THE PROBLEM: Give the data again exactly, without images.
[[ RECORDS FOR PROCESSING open ]]
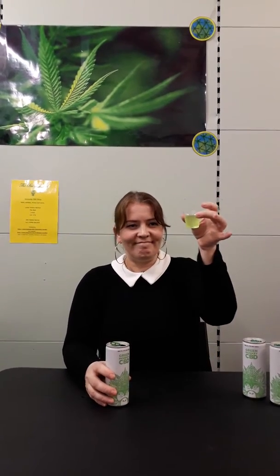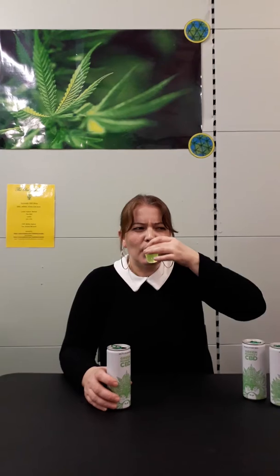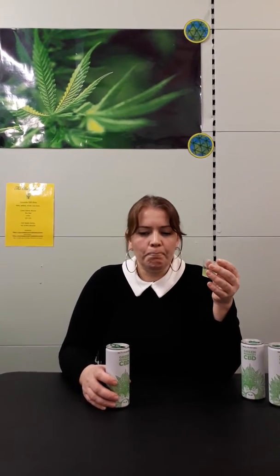Here we go. It's a grapey colour, green. Fruity. It tastes a bit medicine-y — I think that's to do with the sweeteners in it.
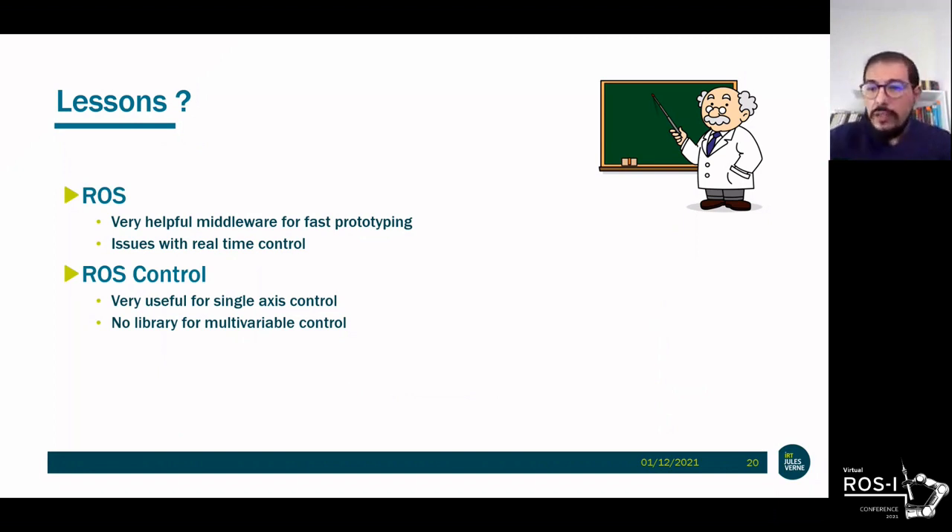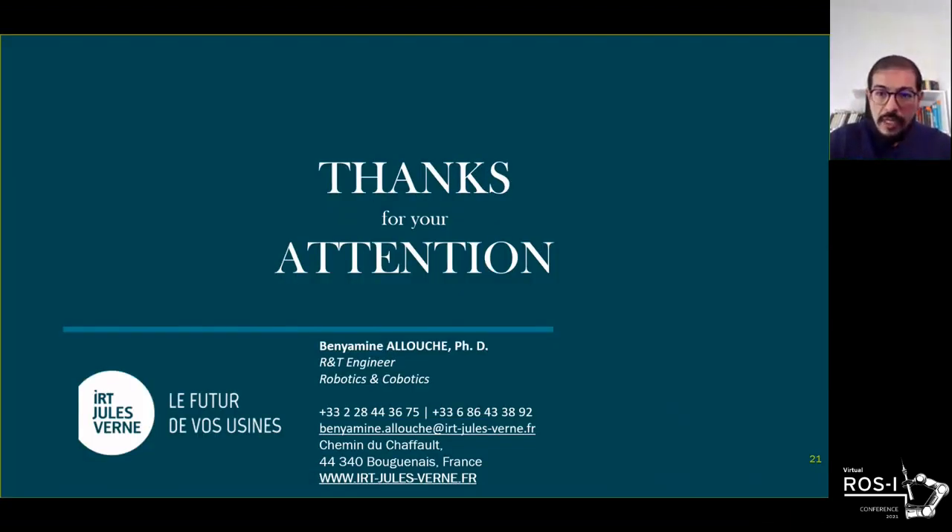To conclude, on a personal level this was my first ROS application and I found the tool very powerful. In only a few months we gathered different technological modules and built a complete application. We noticed some limitations, especially with ROS Control 1. That's why the next step will be to switch to ROS 2 in order to better handle real-time issues and push the robot's control further. Thank you for your attention and I'm happy to take questions.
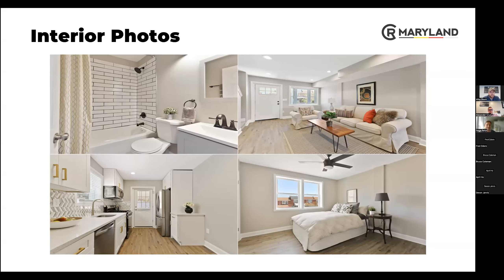Here's an example of interior photos that we had staged, so you can see what it looks like in a more livable state rather than being an empty, vacant home.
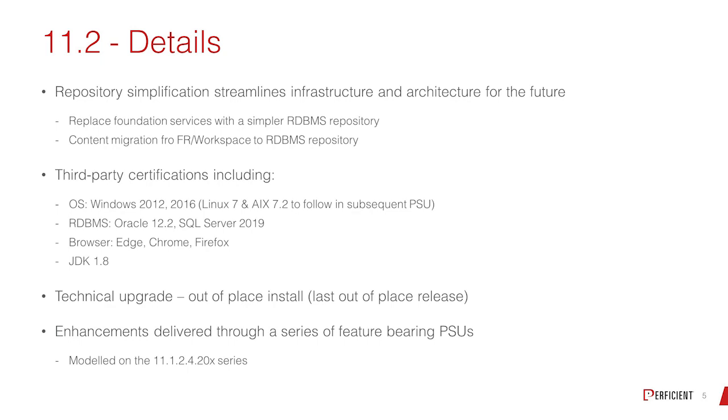You create the shell, bring over the hierarchies, bring over the data, bring over all the objects — the forms, the calcs, the reports, the tasks, and things like that — to stand it up.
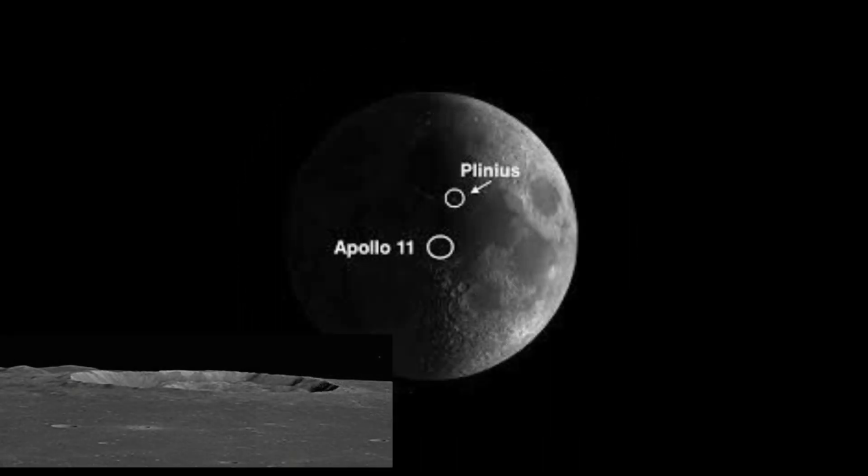Plinius is a significant crater on the Moon's near side, named after Pliny the Elder, the Roman author and naturalist. This crater spans about 72 kilometers in diameter and is distinguished by its sharply defined terraces and a prominent central peak, making it a remarkable feature for both scientific study and observation.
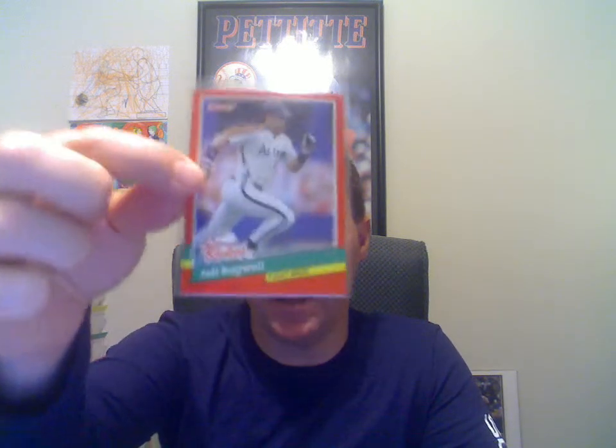Hey guys, welcome to BaseballCardsRule.com. Got a mail day here. Just got some commons in the beginning and then towards the end I got some really good cards that I've really been wanting. I'm going to start off with a cheap card, but something I didn't have.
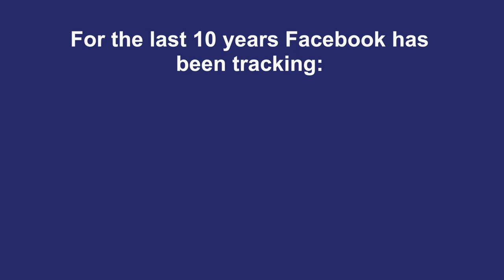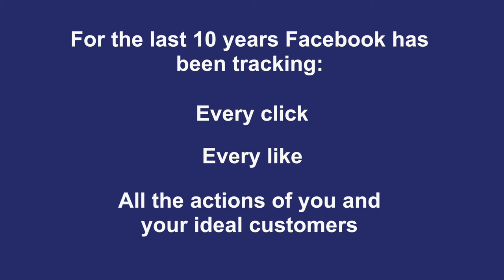For the last 10 years, Facebook has been tracking every click, every like — basically all the actions of you and of your ideal customers. And if you want to take advantage of that information, it's impossible to do without the Business Manager.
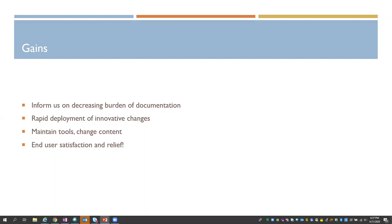We also really learned how to rapidly deploy an innovative change. It's been amazing to see everyone come together and just get the work done in a very innovative and effective manner, really supporting each other. We've learned that it's important to maintain our tools but change the content within them — that's less interruptive to end users and easier for them to adapt. And lastly, we heard accolades of relief from end users and satisfaction with pushing this model out to them.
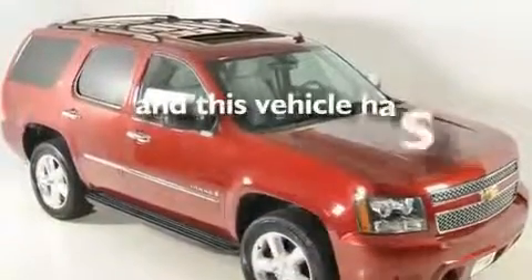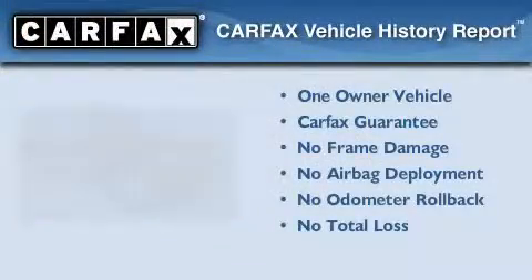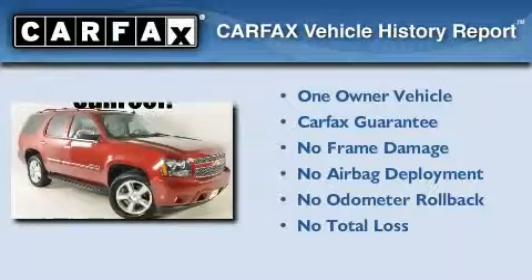This vehicle has fewer than 17,000 miles on the odometer. This Chevrolet has had only one owner, and it qualifies for the Carfax Buy-Back Guarantee.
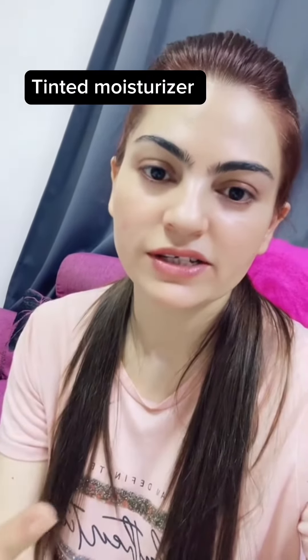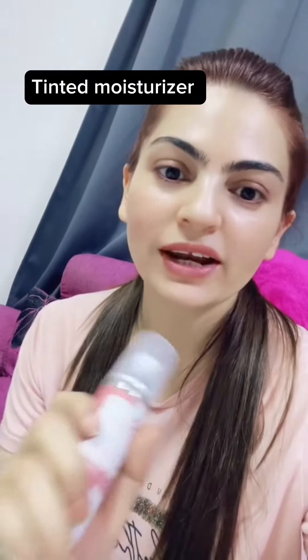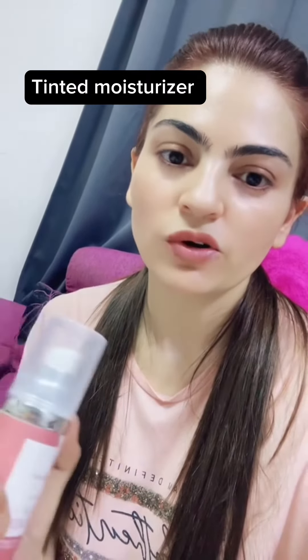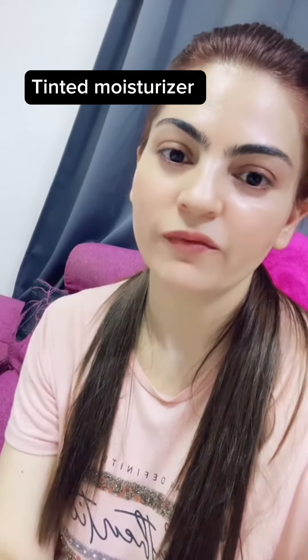The last one is tinted moisturizer. It hydrates your skin and gives some coverage, some glow, and some balm on your skin. You can customize it according to your needs — it has skin benefits and you can even make it yourself by adding a few drops of BB cream, CC cream, or foundation into your regular face moisturizer and mixing it. Your tinted moisturizer is ready! It's the best option for your summer skincare routine or daily skincare routine for very light, natural coverage and glow.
[[ RECORDS FOR PROCESSING closed ]]
EXERCISE RESPONSE:
Here we go. It's a grapey colour, green. Fruity. It tastes a bit medicine-y — I think that's to do with the sweeteners in it.
To conclude, on a personal level this was my first ROS application and I found the tool very powerful. In only a few months we gathered different technological modules and built a complete application. We noticed some limitations, especially with ROS Control 1. That's why the next step will be to switch to ROS 2 in order to better handle real-time issues and push the robot's control further. Thank you for your attention and I'm happy to take questions.
Here's an example of interior photos that we had staged, so you can see what it looks like in a more livable state rather than being an empty, vacant home.
You create the shell, bring over the hierarchies, bring over the data, bring over all the objects — the forms, the calcs, the reports, the tasks, and things like that — to stand it up.
Plinius is a significant crater on the Moon's near side, named after Pliny the Elder, the Roman author and naturalist. This crater spans about 72 kilometers in diameter and is distinguished by its sharply defined terraces and a prominent central peak, making it a remarkable feature for both scientific study and observation.
Hey guys, welcome to BaseballCardsRule.com. Got a mail day here. Just got some commons in the beginning and then towards the end I got some really good cards that I've really been wanting. I'm going to start off with a cheap card, but something I didn't have.
For the last 10 years, Facebook has been tracking every click, every like — basically all the actions of you and of your ideal customers. And if you want to take advantage of that information, it's impossible to do without the Business Manager.
We also really learned how to rapidly deploy an innovative change. It's been amazing to see everyone come together and just get the work done in a very innovative and effective manner, really supporting each other. We've learned that it's important to maintain our tools but change the content within them — that's less interruptive to end users and easier for them to adapt. And lastly, we heard accolades of relief from end users and satisfaction with pushing this model out to them.
This vehicle has fewer than 17,000 miles on the odometer. This Chevrolet has had only one owner, and it qualifies for the Carfax Buy-Back Guarantee.
The last one is tinted moisturizer. It hydrates your skin and gives some coverage, some glow, and some balm on your skin. You can customize it according to your needs — it has skin benefits and you can even make it yourself by adding a few drops of BB cream, CC cream, or foundation into your regular face moisturizer and mixing it. Your tinted moisturizer is ready! It's the best option for your summer skincare routine or daily skincare routine for very light, natural coverage and glow.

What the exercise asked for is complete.